Added
- Several new datasets. Thanks to all the
[contributors](https://github.com/tensorflow/datasets/graphs/contributors)!
- Support for nested `tfds.features.Sequence` and `tf.RaggedTensor`
- Custom `FeatureConnector`s can override the `decode_batch_example` method
for efficient decoding when wrapped inside a
`tfds.features.Sequence(my_connector)`.
- Beam datasets can use a `tfds.core.BeamMetadataDict` to store additional
metadata computed as part of the Beam pipeline.
- Beam datasets' `_split_generators` accepts an additional `pipeline` kwargs
to define a pipeline shared between all splits.
Changed
- The default versions of all datasets are now using the S3 slicing API. See
the [guide](https://www.tensorflow.org/datasets/splits) for details.
- `shuffle_files` defaults to False so that dataset iteration is deterministic
by default. You can customize the reading pipeline, including shuffling and
interleaving, through the new `read_config` parameter in
[`tfds.load`](https://www.tensorflow.org/datasets/api_docs/python/tfds/load).
- `urls` kwargs renamed `homepage` in `DatasetInfo`
Deprecated
- Python2 support: this is the last version of TFDS that will support
Python 2. Going forward, we'll only support and test against Python 3.

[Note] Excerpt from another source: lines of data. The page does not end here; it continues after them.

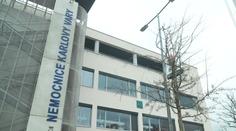 Audit nemocnice odhalil podezřelé zakázky. Případem se zabývá policie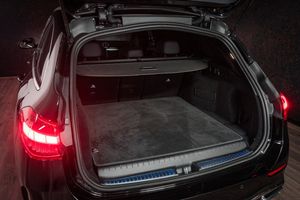 Mercedes C300 bild 14
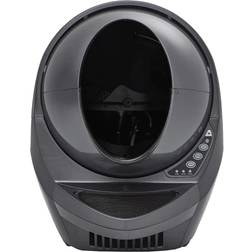 Whisker Robot 3 Litter Box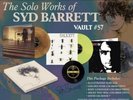 Syd Barrett Solo Works Third Man Records Vault #57 BOX SET SEALED  Pink Floyd
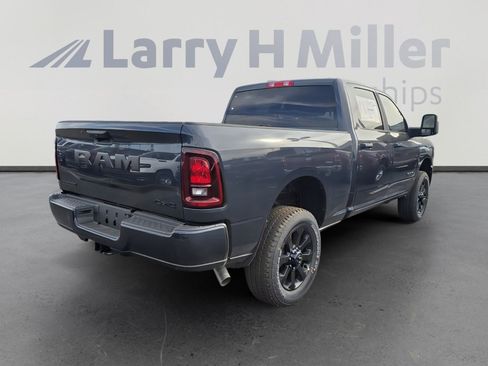 New 2026 RAM 2500 Big Horn image 5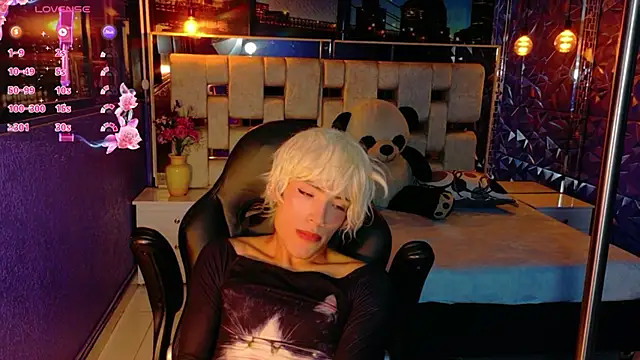 isaac_nova Live XXX-chat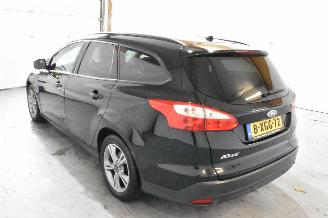 Ford Focus 1.0 EcoBoost Trend picture 5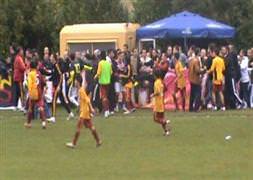 Gözaltı sayısı 4'e yükseldi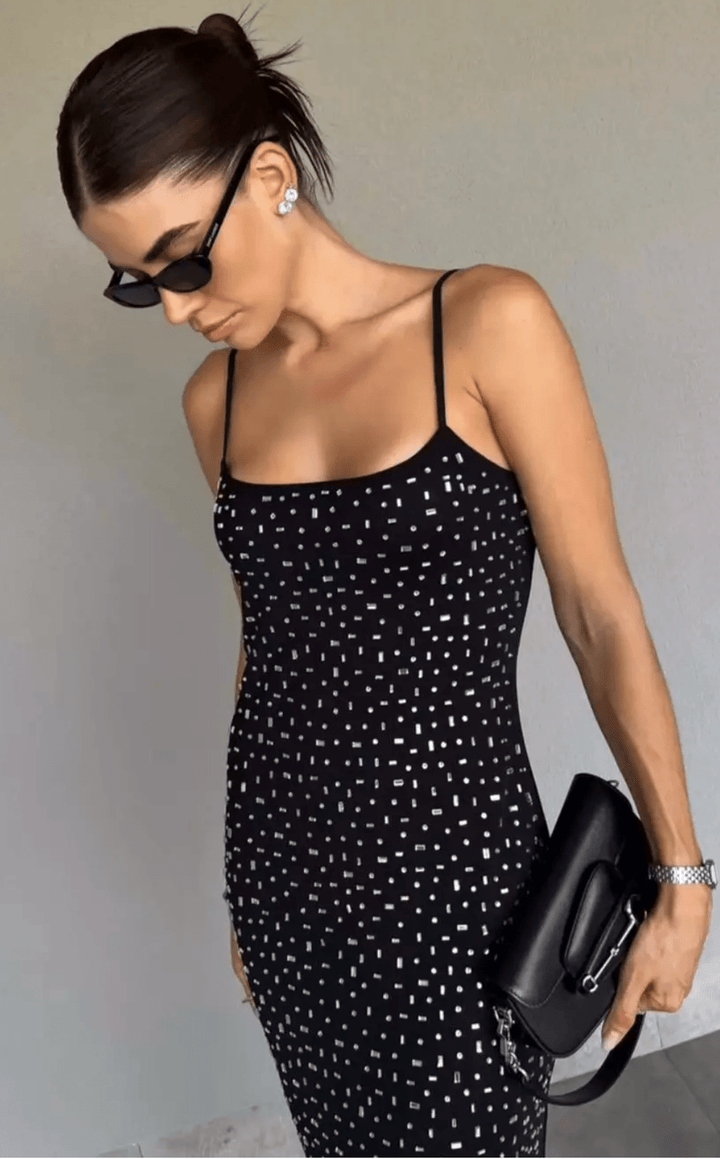 VESTIDO HONEY - Blessed Shops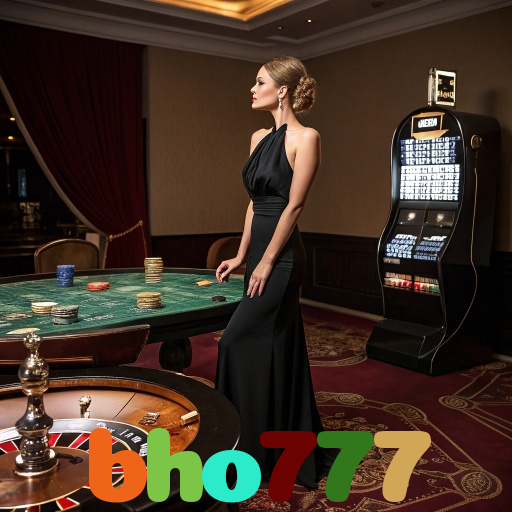 Cassino Online bho777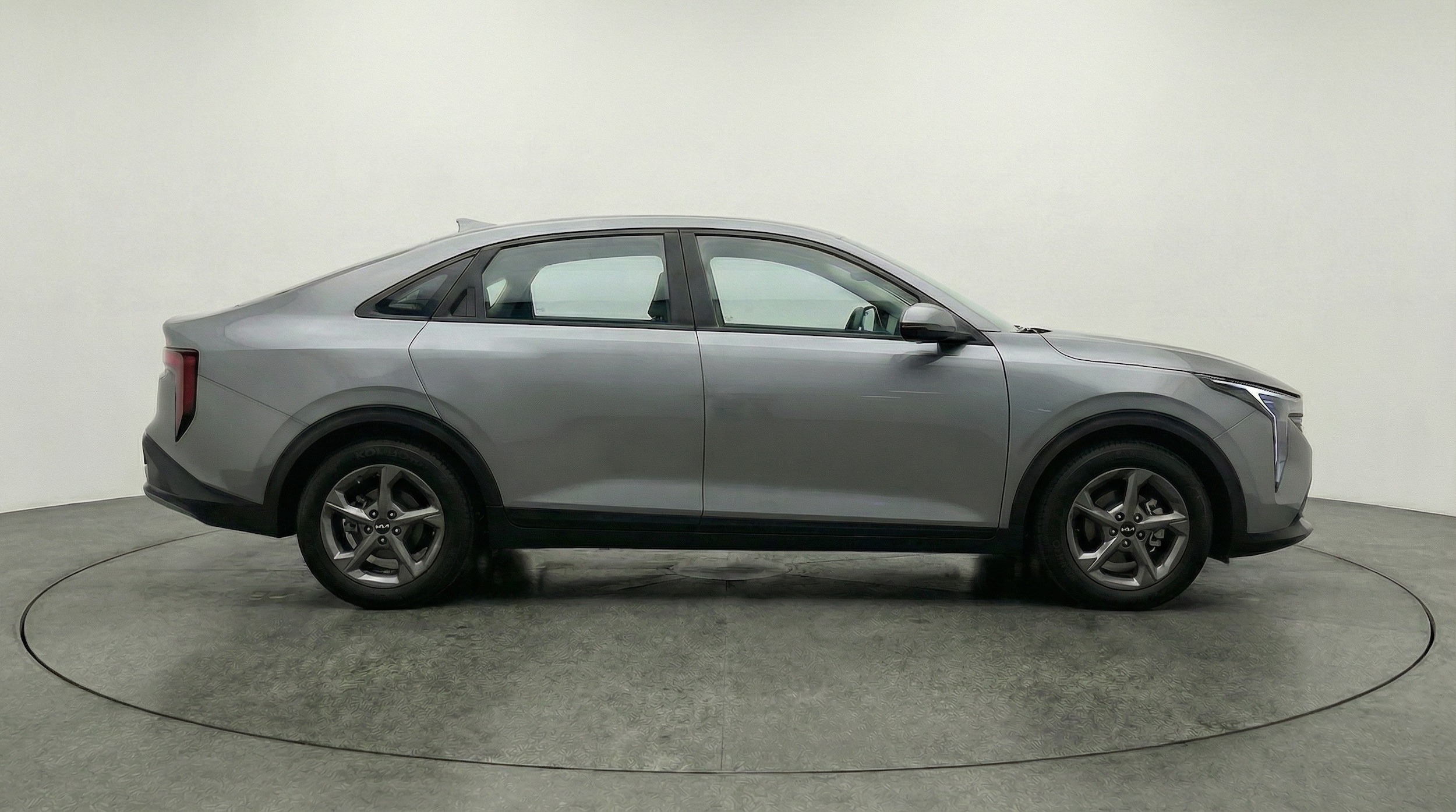 Thumbnail: 2025 Kia K4 - 8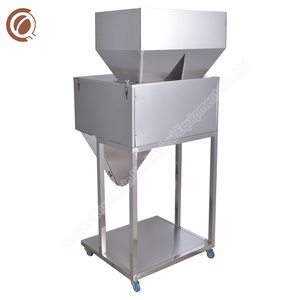Multihead <b>Weighting</b> Filling <b>Machine</b> Powder Filling Packing <b>Machine</b> - Product Image 6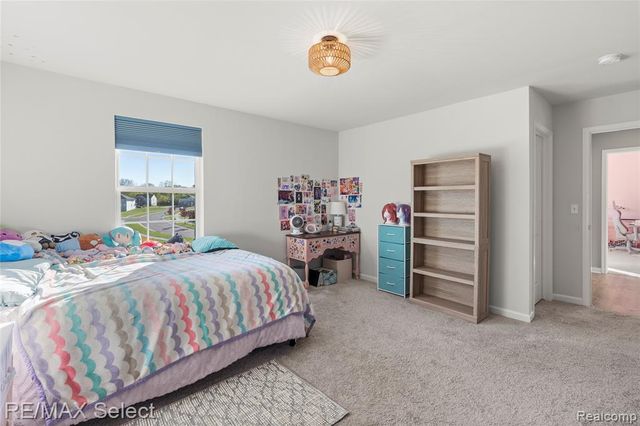 8371 Crossbow Court, Grand Blanc, MI 48439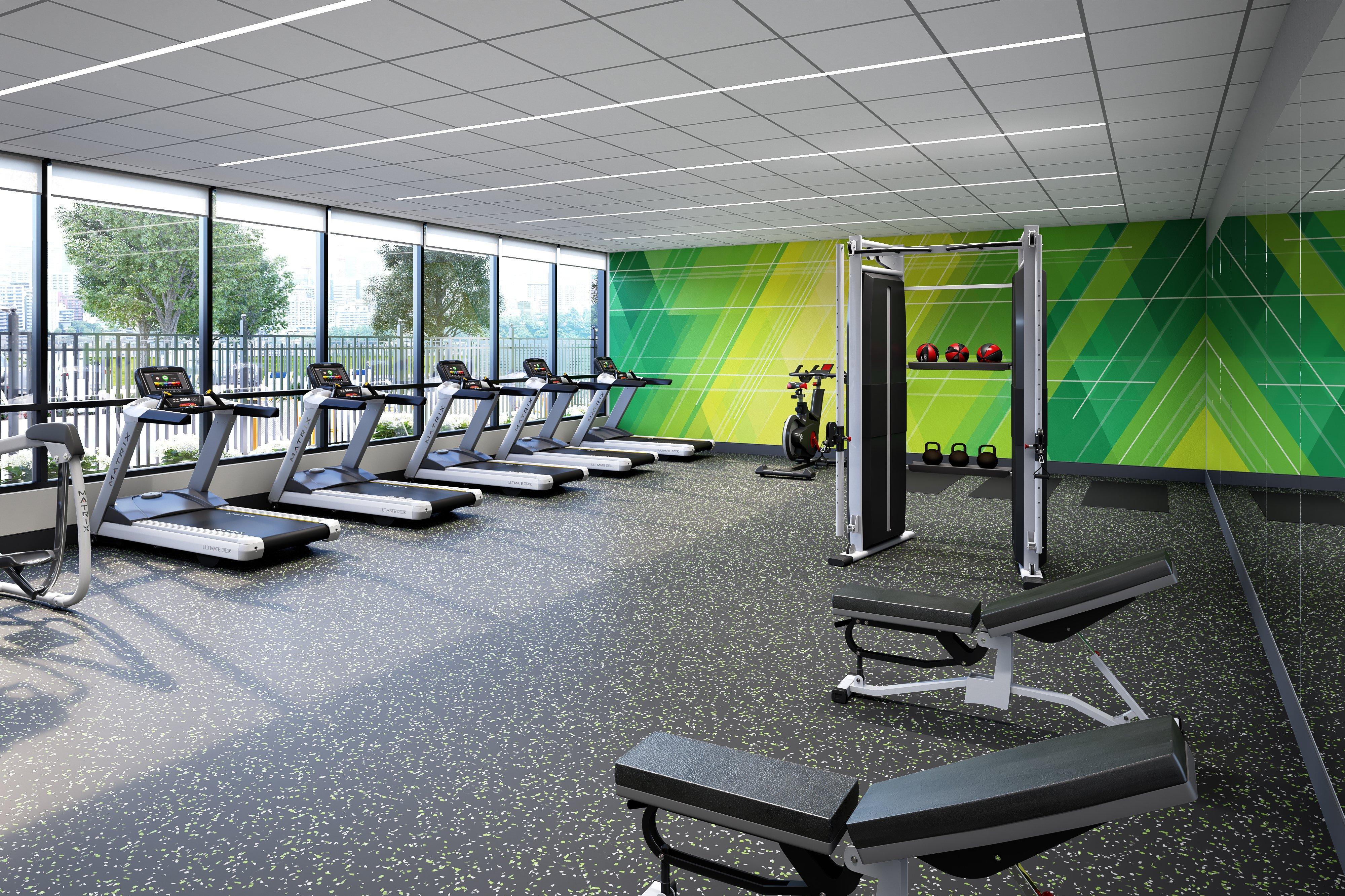 Holiday Inn Cleveland-Mayfield By Ihg Eksteriør billede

- The previous split API is still available, but is deprecated. If you wrote
`DatasetBuilder`s outside the TFDS repository, please make sure they do not
use `experiments={tfds.core.Experiment.S3: False}`. This will be removed in
the next version, as well as the `num_shards` kwargs from `SplitGenerator`.
Fixed
- Various other bug fixes and performance improvements. Thank you for all the
reports and fixes!